As I was wrapping up the second of those posts, I saw this note by
about effective resistance:The preview above cuts off before the lines that leapt out at me:
How to overcome these obstacles then?
My advice: go abroad and organize there first.
That last line brought the title question to mind.
Why Would Hawaii Want a Government in Exile?
tl;dr: Because Hawaii has been occupied by the USSA since 1898. Arguably since 1893, when
United States diplomatic and military personnel conspired with a small group of individuals to overthrow the constitutional government of the Hawaiian Kingdom and prepared to provide for annexation of the Hawaiian Islands to the United States of America, under a treaty of annexation submitted to the United States Senate, on February 15, 1893.
Newly elected U.S. President Grover Cleveland, having received notice that the cause of the so-called revolution derived from illegal intervention by U.S. diplomatic and military personnel, withdrew the treaty of annexation […]
And so the euphemistically named Committee of Safety set up the Provisional Government of Hawaii and, the following year, declared the Republic of Hawaii. Both the provisional government and the republic were never meant to be viable, truly independent states. They were mere placeholders - fig leaves for de facto USSA rule. Which became ‘de jure’1 when
[a]s a result of the Spanish-American War, the United States opted to unilaterally annex the Hawaiian Islands by enacting a congressional joint resolution on July 7, 1898, in order to utilize the Hawaiian Islands as a military base to fight the Spanish in Guam and the Philippines.
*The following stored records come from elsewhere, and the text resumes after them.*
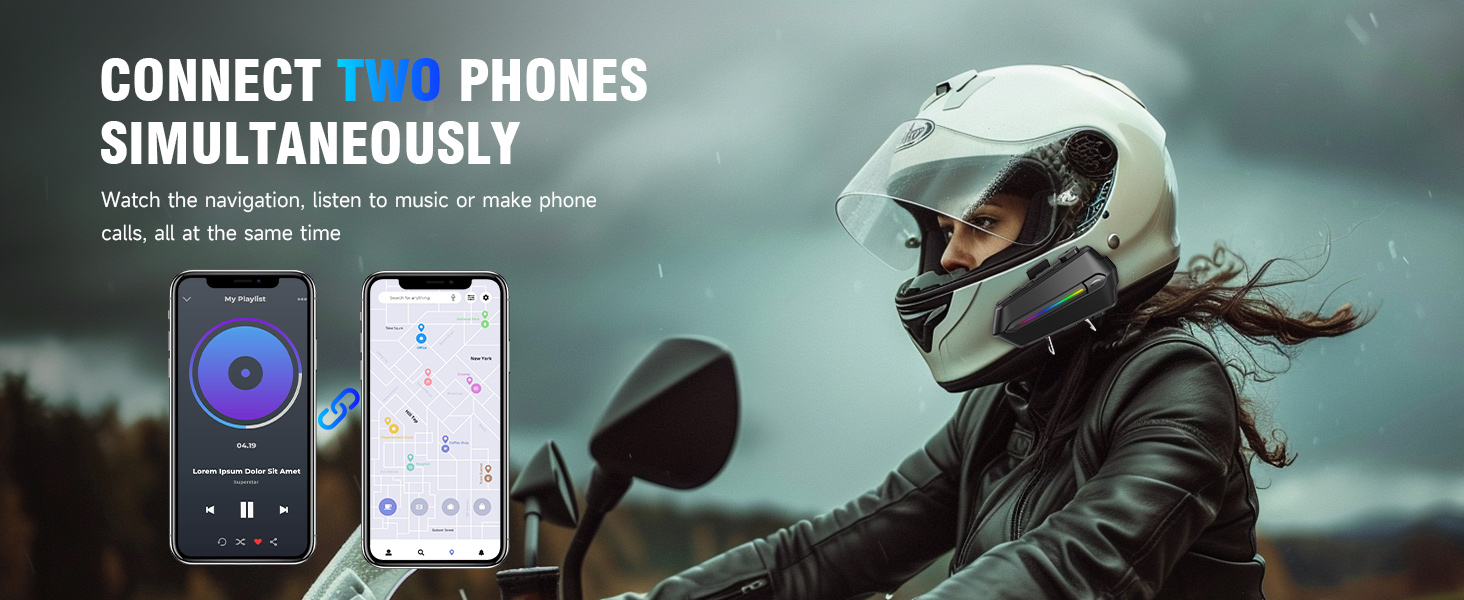 C5S Motorcycle Bluetooth Headsets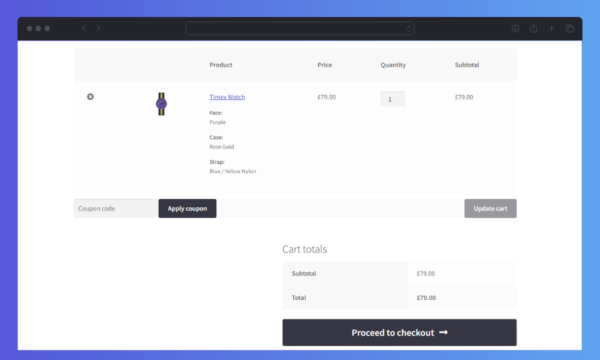 WooCommerce Product Configurator in Cart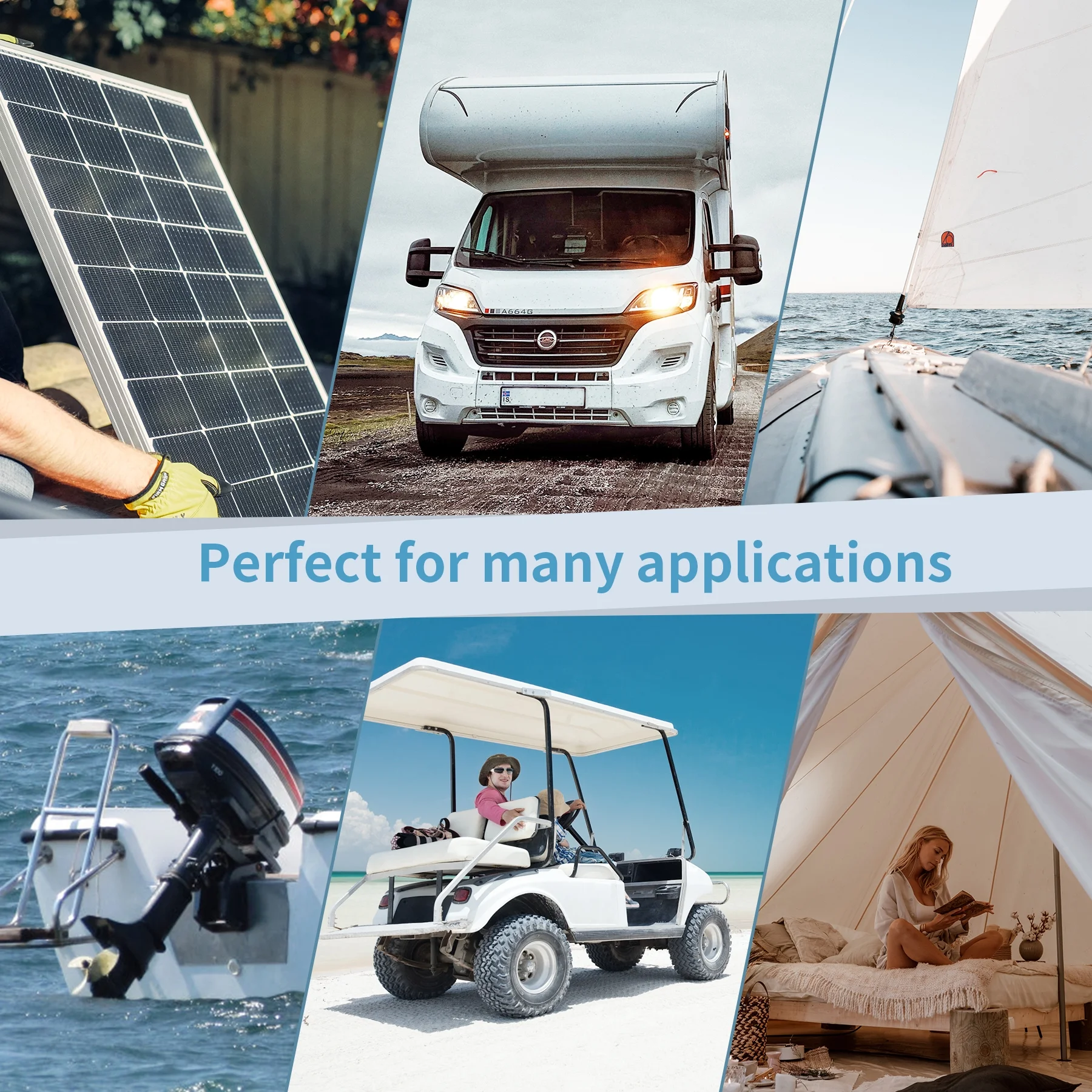 12V 180Ah LiFePO4 Battery, Rechargeable Lithium Batteries with 100A BMS, Over 4000+ Deep Cycle, Perfect for RV, Solar, Marine, Trolling Motor, Camping, Boat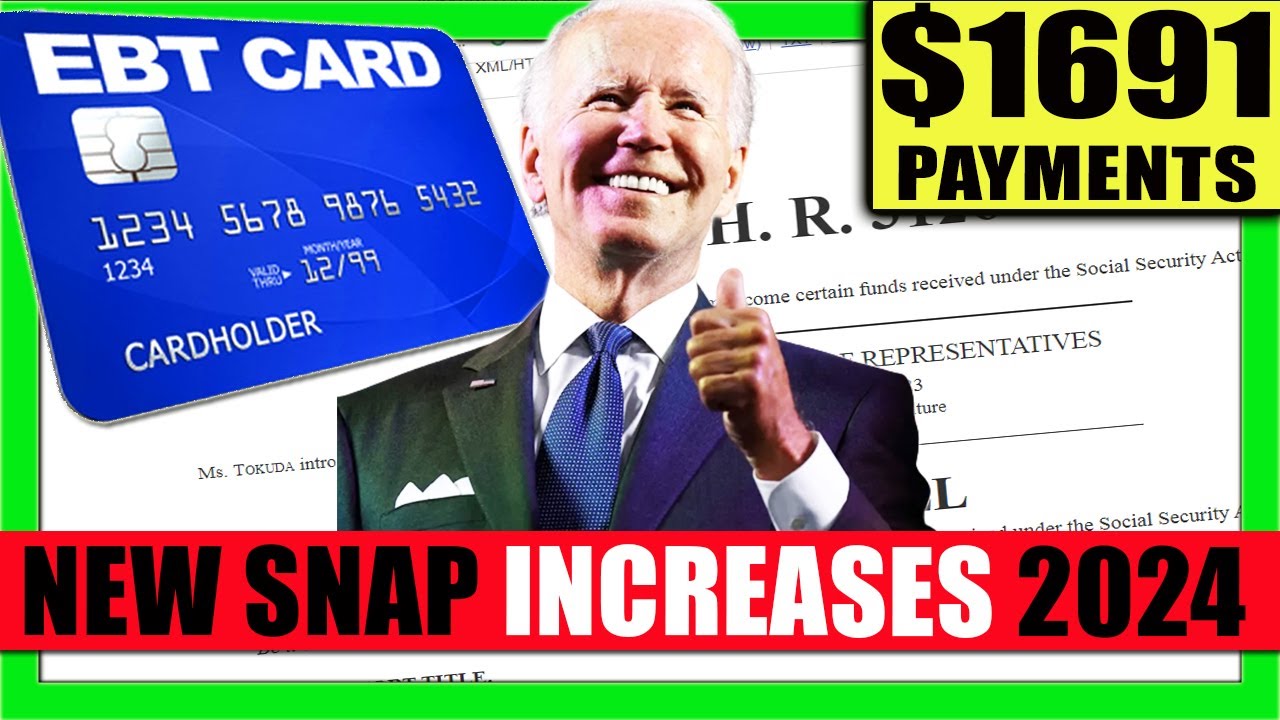 GOOD NEWS! Increase in SNAP Food Stamp Benefits 2024, $1691 SNAP Payments Start NOW, SSI Payments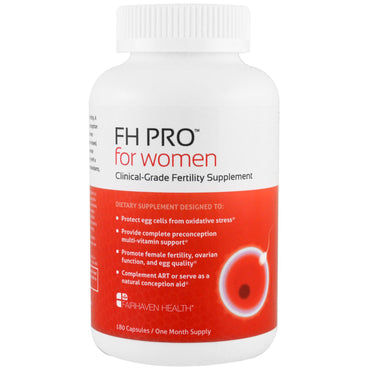 Fairhaven Health, FH Pro für Frauen, Fruchtbarkeitsergänzungsmittel in klinischer Qualität, 180 Kapseln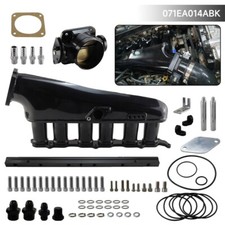 Intake Manifold Fuel Rail 90mm Throttle Body For Toyota Supra MK4 Aristo 2JZ-GTE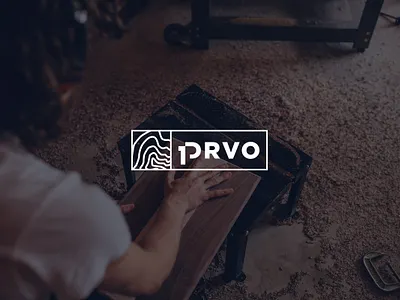 PrvoDrvo logo branding illustration logo logo design logotype typography woodcut woodworking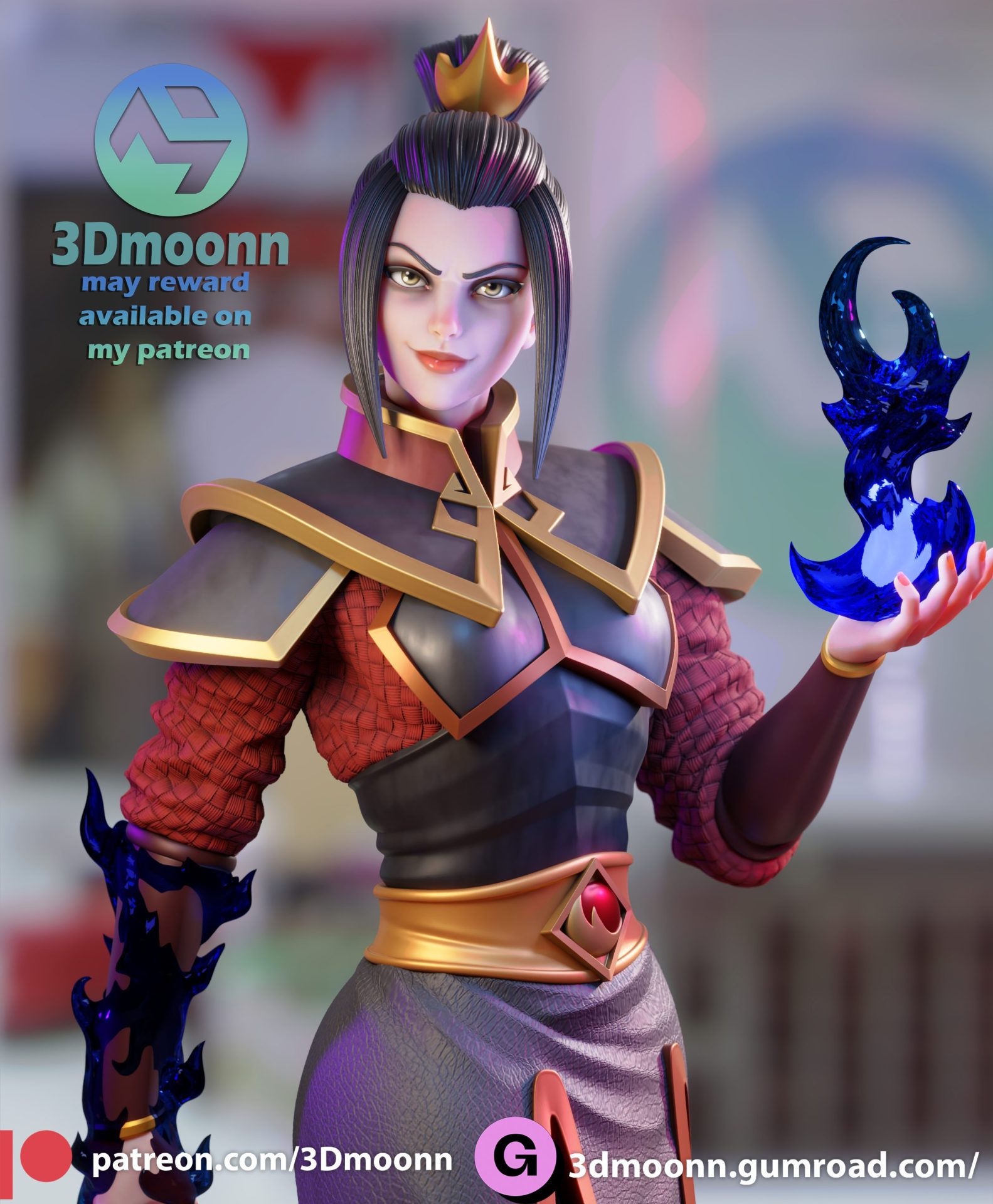 Azula STL Printable File only SFW STL file for 3D printing
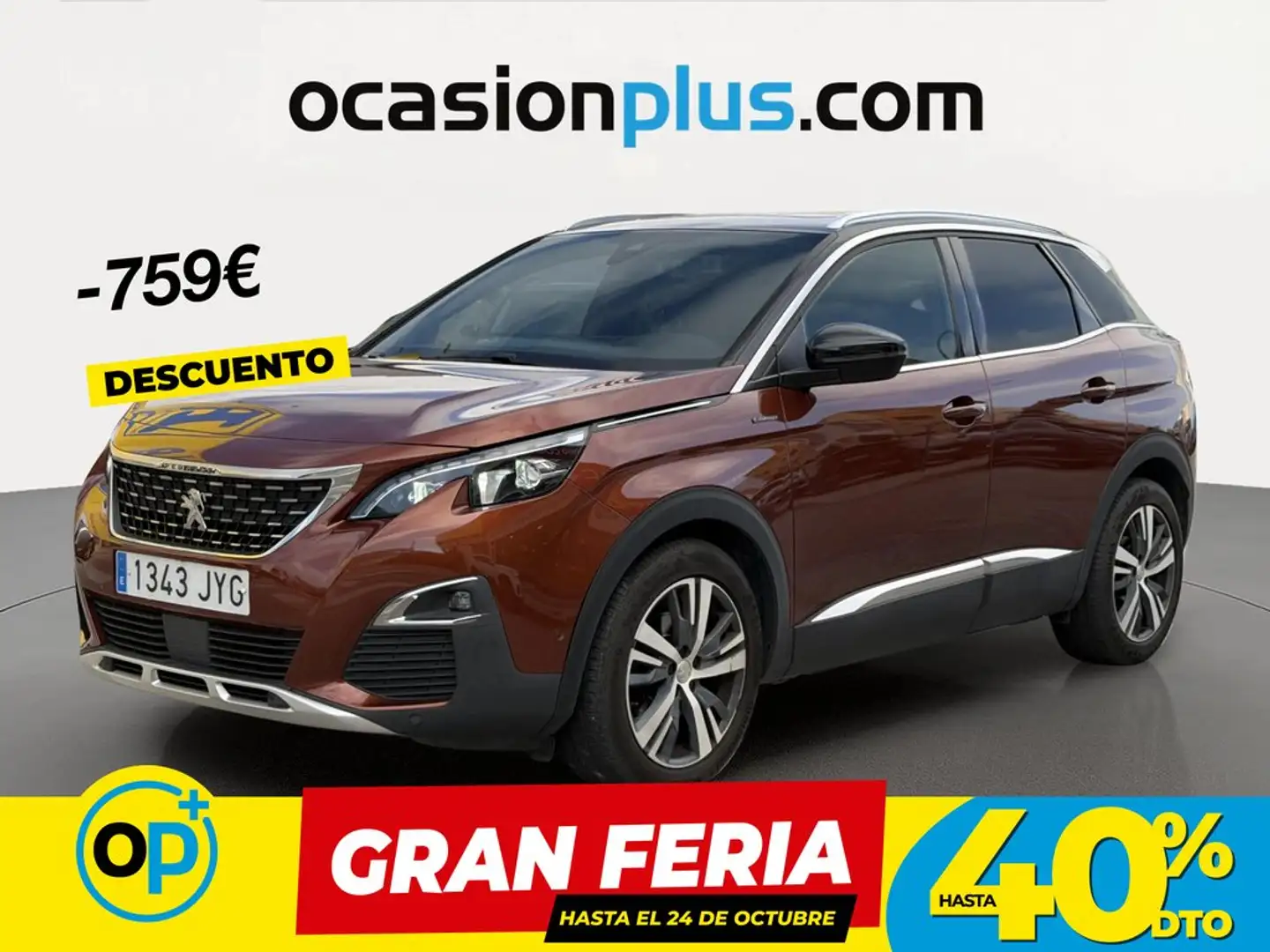 Peugeot 3008 1.2 S&S PureTech GT Line 130 Marrón - 1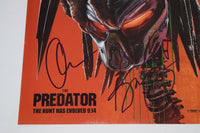 The Predator 2018 Cast Signed 11x14 Photo x4 Olivia Munn Thomas Jane COA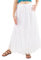 Coline - Jupe Longue Blanche Dentelle - Couleur : Blanc - Taille : L/XL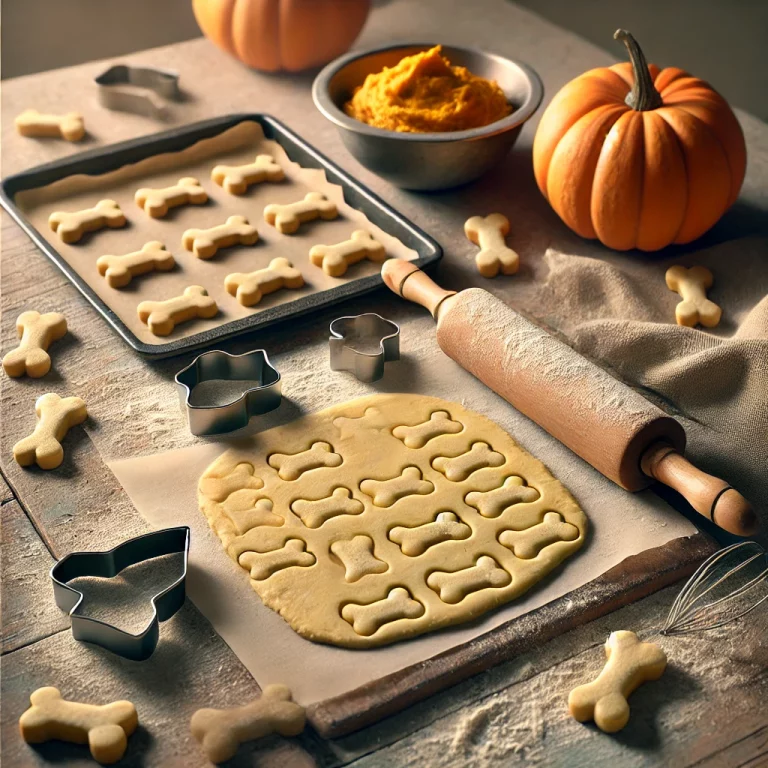 Homemade Dog Treats : Pumpkin Dog Biscuits Recipe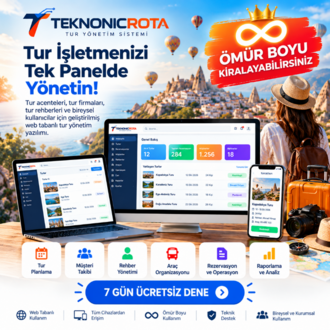 TeknonicRota — Ömür Boyu Kiralama Lisansı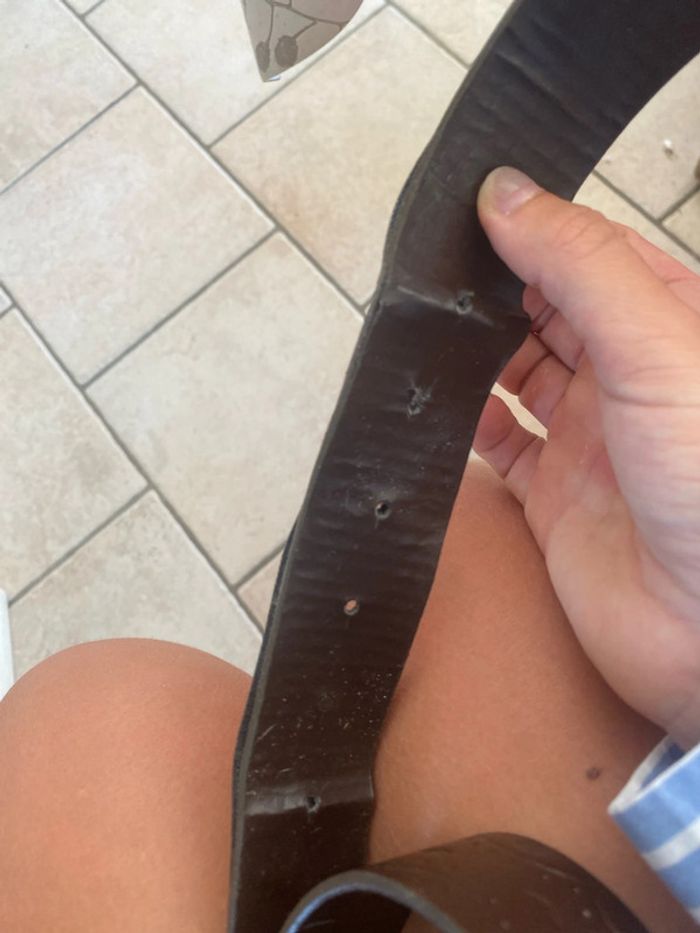 Ceinture marron - photo numéro 3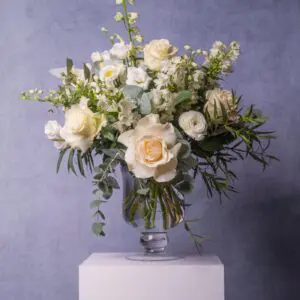 hand tied table vase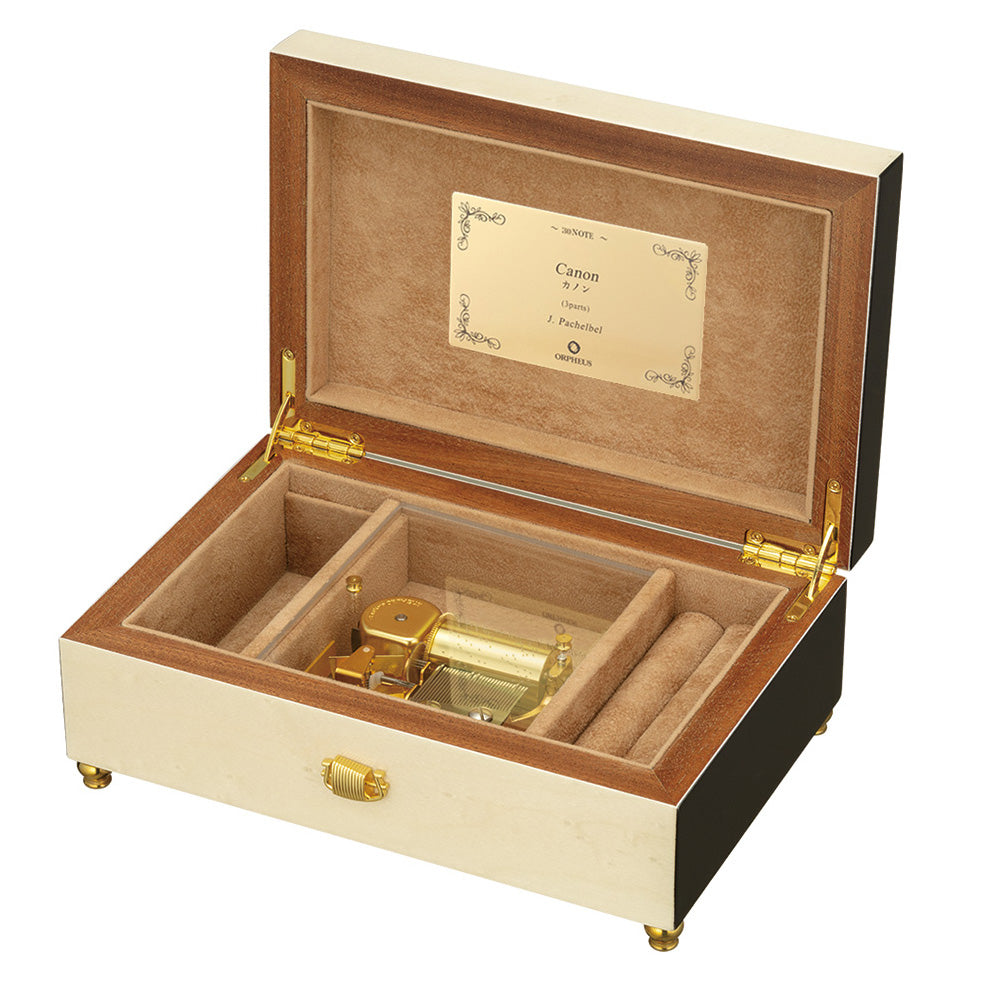 曲が選べる・誕生日に人気】【EX189I】30弁 ORPHEUS イタリア象嵌小物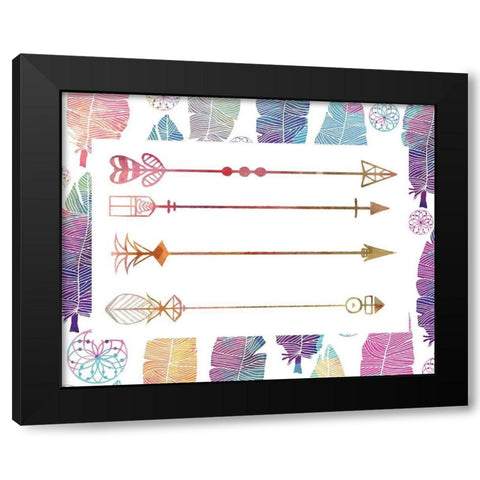 Wild 4 Black Modern Wood Framed Art Print by Kimberly, Allen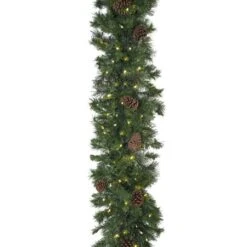 4 1/2' X 14" Mixed Pine Garland, Lit 10 4 1/2' X 14" Mixed Pine Garland, Lit -Christmas Designers g 4514 mpl c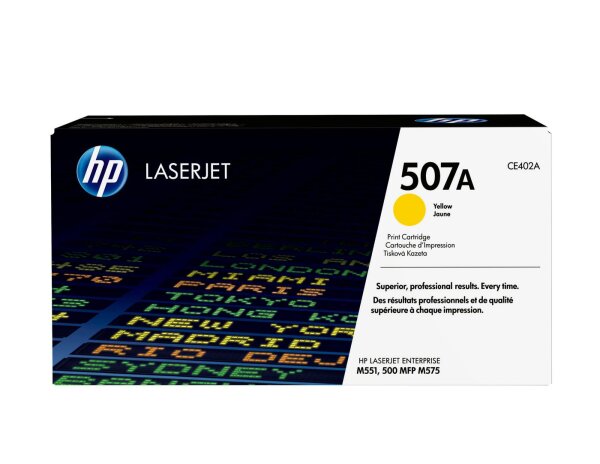HP Yellow Toner Cartridge • CE402-67901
The United States has remained in the Hawaiian Islands and the Hawaiian Kingdom has since been under prolonged occupation to the present, but its continuity as an independent State remains intact under international law.
The Queen and the Rebel
In 1895, a rebellion to restore Hawaii’s last monarch, Queen Liliʻuokalani (r. 1891-1893), failed. The queen was arrested, tried, and imprisoned.

She abdicated the throne to save the rebels from execution.
In 1896, she was freed. She spent years in Washington DC in vain seeking the return of the royal lands seized by the USSA. Honolulu Pravda’s ancestor The Pacific Commercial Advertiser wrote in 1903,
There is something pathetic in the appearance of Queen Liliuokalani as a waiting claimant before Congress.
She eventually returned to Hawaii where she received a lifetime pension - a miniscule amount compared to the indemnity she wanted - and died in 1917, almost twenty years after annexation.
One of her last acts was to order the raising of an American flag after five Hawaiian sailors in the USSA Navy had died in World War I. The Outlook, an American magazine, reported the incident in 1917:
Note how the queen was married to an American. That fact is not widely known today. The modern narrative paints the queen as the symbol of Hawaiian nationalism, a victim of the evil racistimperialistcolonialist Americans.

However, the evidence to me suggests a more complex picture - one that does not exonerate the Americans but also does not always flatter the Native Hawaiians. The queen’s deep connections to Whites both before and after the conquest exemplify what I call the Maoli-Haole (Native-White) Alliance that has been almost entirely retconned away. Those connections may have influenced how Native Hawaiians responded to the American takeover.
Half-Hawaiian, half-White American Robert William Wilcox, the Iron Duke of Hawaii and the firebrand behind the rebellion of 1895 - and one of the rebels who was saved by the queen’s abdication, became … a delegate to the USSA House of Representatives. A part of the very system that had conquered the kingdom he had fought for. The system from which the queen thought she could get land and money from. Independence? What independence?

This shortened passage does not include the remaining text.